Michael Stone, whose dharma talk podcasts I listen to often, and quote in my classes nearly as often, ties these traditions together well. Finding not only overlaps, but moments that inform each other in the traditions of each.

One of his recent talks on the Lotus Sutra was one of such moments, and called to mind for me the above chants.

He spoke of how in Buddhism, in order to be a Buddha, the requirement is not to get enlightened, but rather to be able to see another person as a Buddha. During my teacher training Davidji and Sharonji would often tell us our most important job as a yoga teacher is to see our students as holy beings. Just as important as our sadhana – our yoga practice, our meditation, our off-the-mat practices, is the way in which we see other people.  And granted, to see another person as a Buddha can be as challenging a practice as sitting for an hour.  However, we are gifted with an amazing imagination, and should call upon it in this case.

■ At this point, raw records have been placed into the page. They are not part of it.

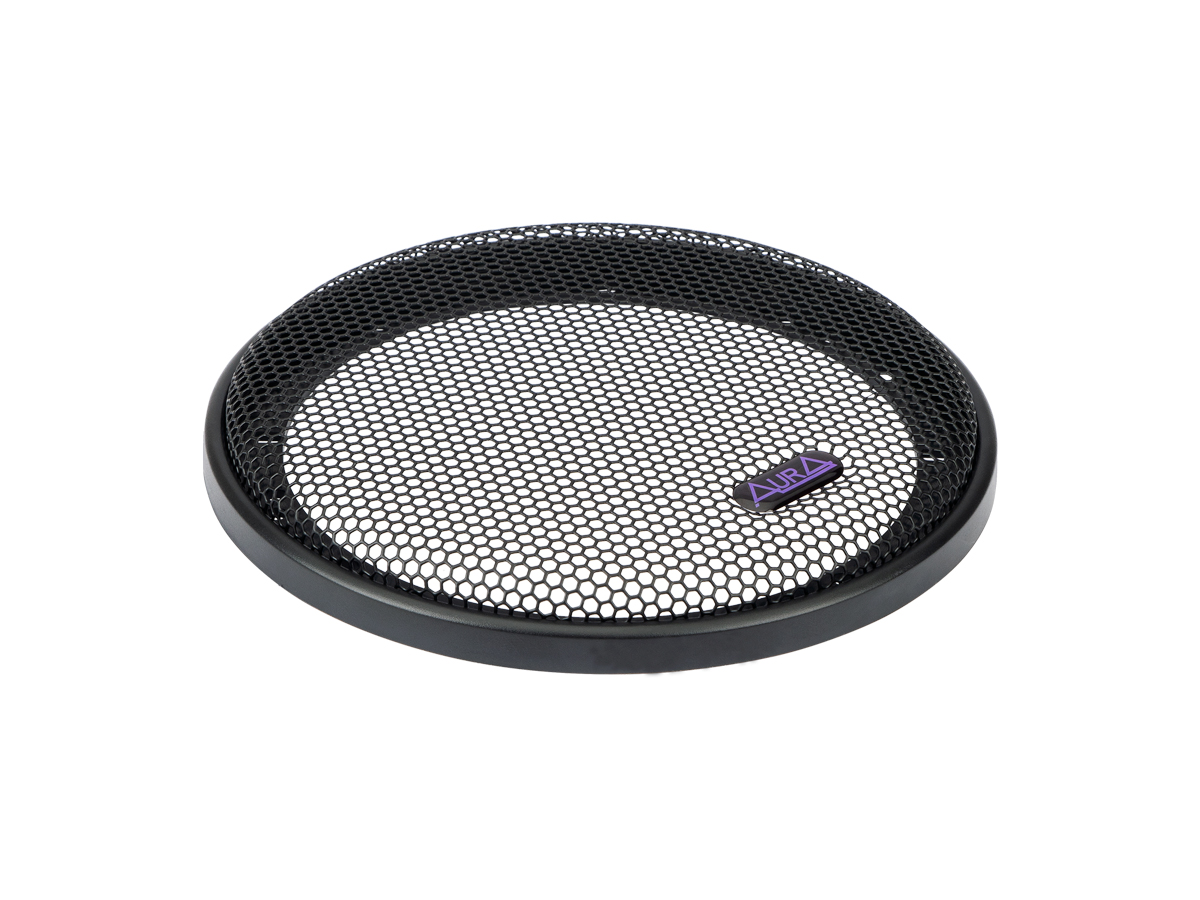 kypit_avtoakustika-aura-indigo-gf5x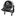 3120138-soporte-motor
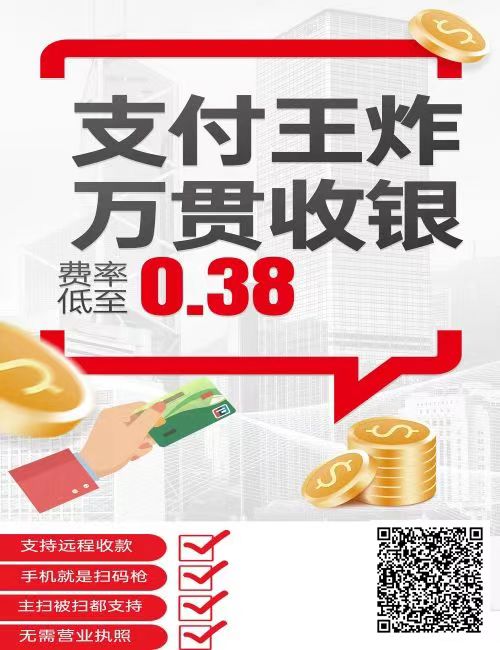 ff1c5c03-c4c8-48bd-9360-39a2814e0943.jpg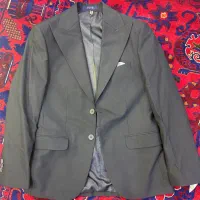کت شلوار فایو اصل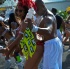 cayman_carnival_2012_part2-127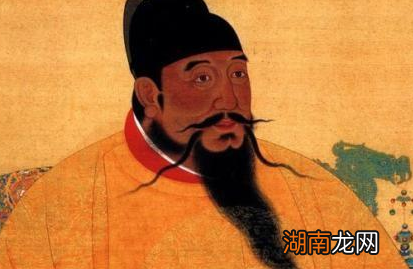 朱棣打济南为什么因为八个字停手 这八个字到底是什么字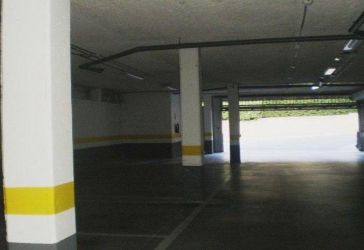 garaje en venta en Guardia civil-Zona industrial (Valdemoro) por 8.300 €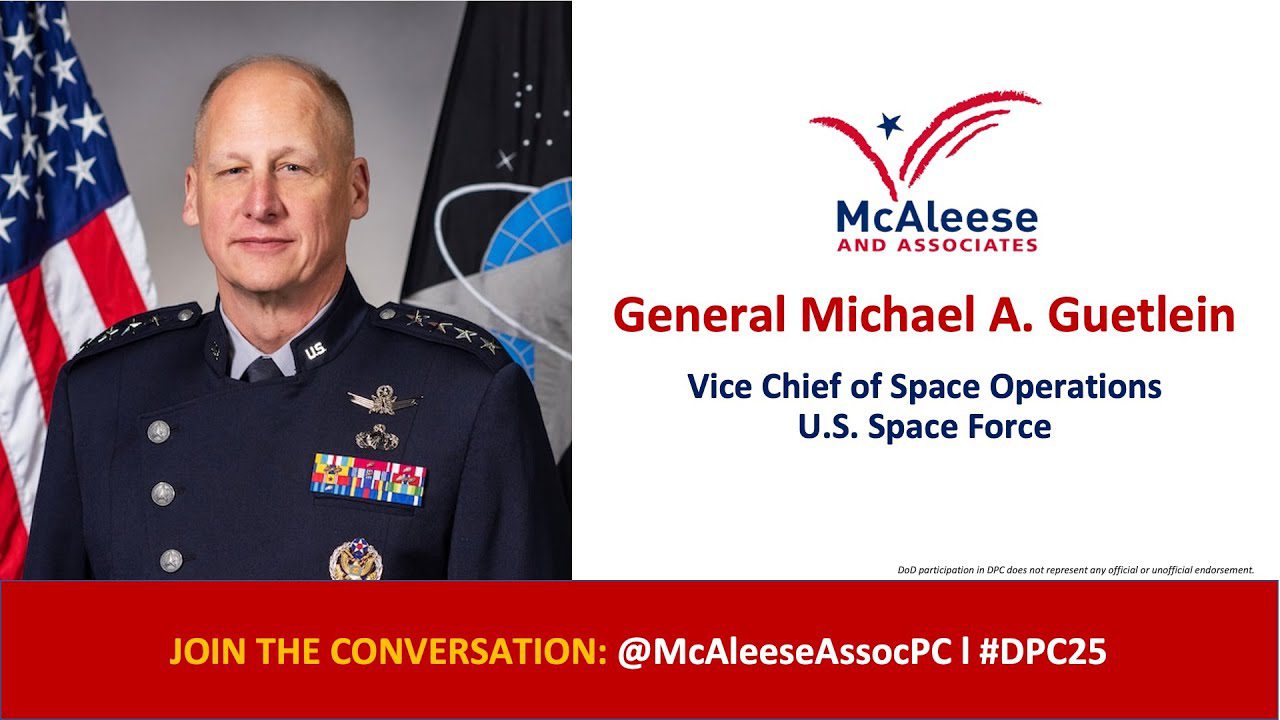 Discover how China's advanced Kill Mesh satellite network is reshaping space warfare and global security dynamics.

I’ve been reading The Brain That Changes Itself– a great book on brain plasticity (which I feel is in some ways the modern science of yoga), and had just read a section on imagination.  There were two experiments discussed where two groups were asked to undertake an activity – learn a piece on the piano, and perform a strength exercise. One group was able to practice physically, the other was asked to practice only mentally. They practiced the same amount of time, the same repetitions, over the same period.  The only difference was that one was physical, and the other purely in the imagination.  The results for both experiments were the same, but the results of the strength exercise are more clearly statistically understood, so I will give those.  The group that did the physical exercise improved its strength (and the brain area associated) by 30%, the group that did the mental exercise improved its strength (and the brain area) by 22%.  To the body and mind the difference between thought and action is not that different.

So take advantage of this.  Imagine someone who you can easily conceive of as a hair’s breadth from being a Buddha – a teacher, a child you know, the Dalai Llama, your local grocer.  Spend time imaging her/him in front of you, in detail. Note the qualities you associate with that state.  Then imagine yourself as that Buddha, infused with those qualities.  Then try practicing your next asana class from that place, and see what happens.

ImagePerhaps you are able to see others as buddhas better.  But anything undertaken once or twice runs the risk of becoming new agey or trite.  Imagination is not just a flight of fancy in this case – it’s a practice. So like all yoga practices, you must repeat, in all earnestness, for a prolonged period of time. And then the magic will arise.